WHAT YOU HAVE TO DO
Print the records below exactly, from the line containing "Bridal Dress Bridal" down to the line containing "Milan Coloured Pencils", both lines included, and omit every picture.

RECORDS PROVIDED
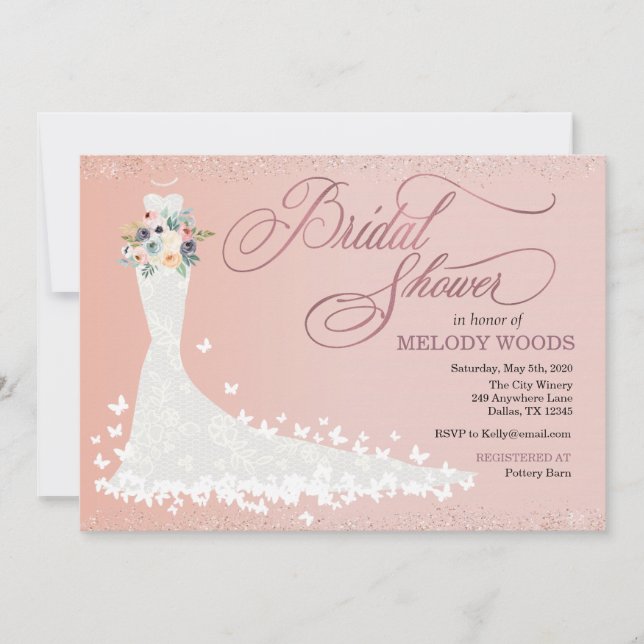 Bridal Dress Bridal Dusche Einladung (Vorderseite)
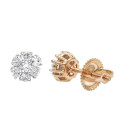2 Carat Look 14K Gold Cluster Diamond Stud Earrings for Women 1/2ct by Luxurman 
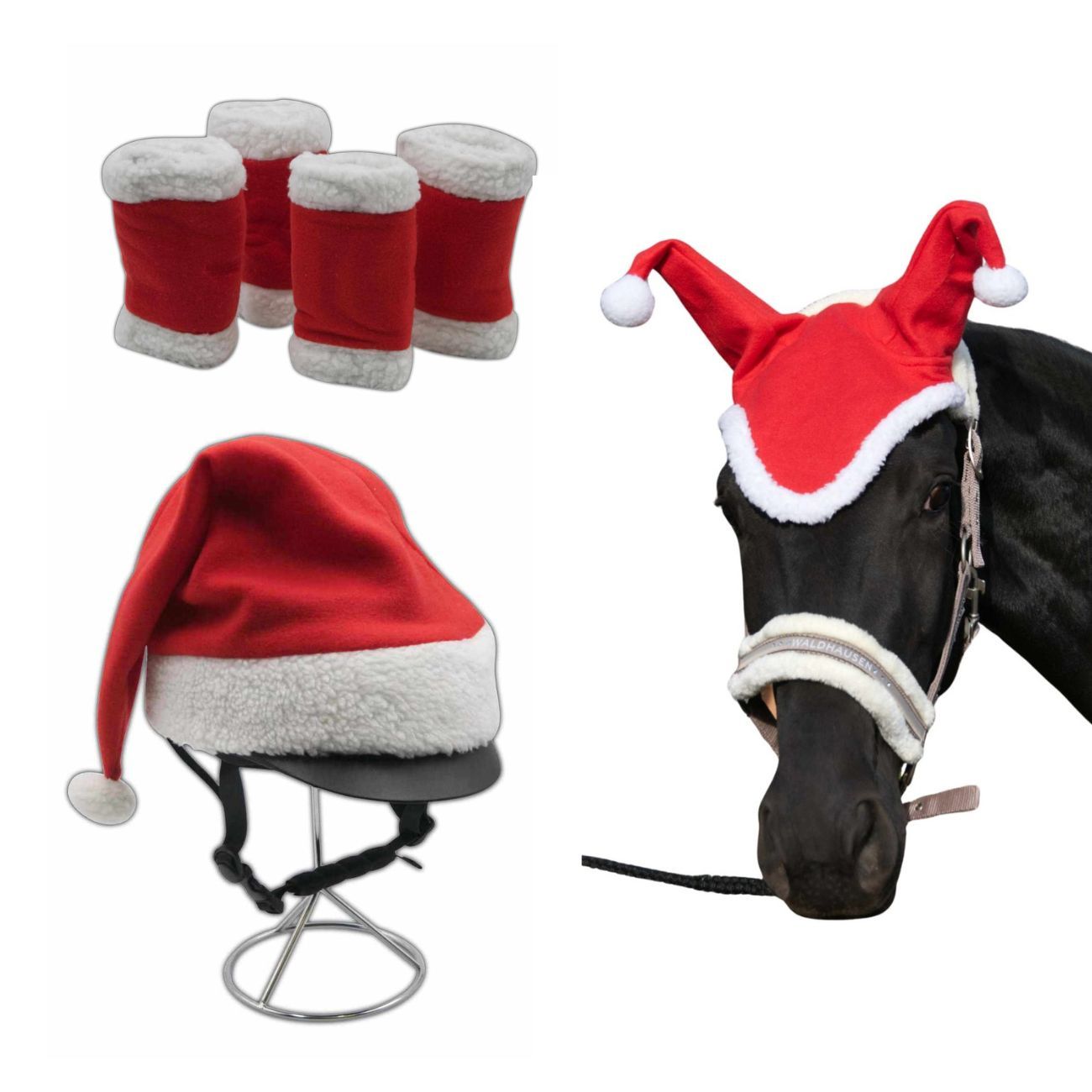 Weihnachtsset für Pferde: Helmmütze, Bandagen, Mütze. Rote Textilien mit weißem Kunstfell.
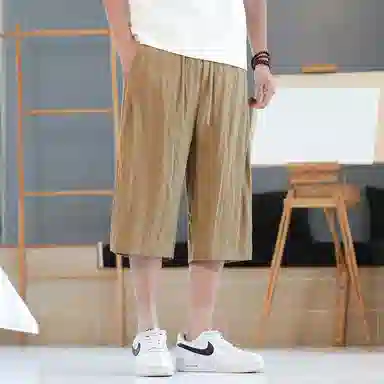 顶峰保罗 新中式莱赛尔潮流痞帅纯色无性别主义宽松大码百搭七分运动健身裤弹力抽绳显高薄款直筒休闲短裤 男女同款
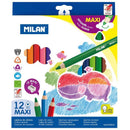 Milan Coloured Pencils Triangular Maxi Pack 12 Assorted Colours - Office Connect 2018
--
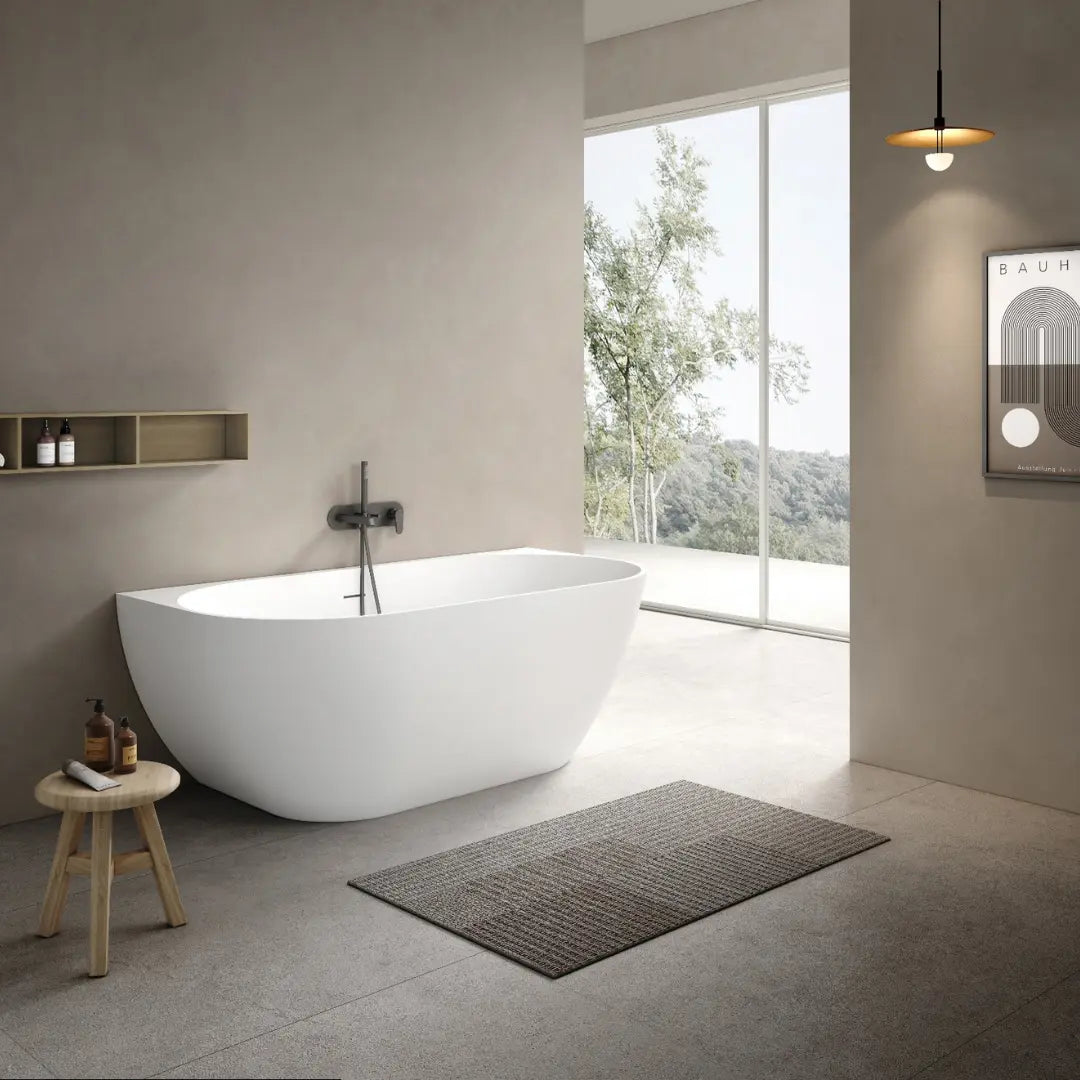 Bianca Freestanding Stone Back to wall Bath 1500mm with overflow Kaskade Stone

RESPONSE BELOW
 Bridal Dress Bridal Dusche Einladung (Vorderseite)
2 Carat Look 14K Gold Cluster Diamond Stud Earrings for Women 1/2ct by Luxurman 
 Weihnachtsset für Pferde: Helmmütze, Bandagen, Mütze. Rote Textilien mit weißem Kunstfell.
 顶峰保罗 新中式莱赛尔潮流痞帅纯色无性别主义宽松大码百搭七分运动健身裤弹力抽绳显高薄款直筒休闲短裤 男女同款
 Milan Coloured Pencils Triangular Maxi Pack 12 Assorted Colours - Office Connect 2018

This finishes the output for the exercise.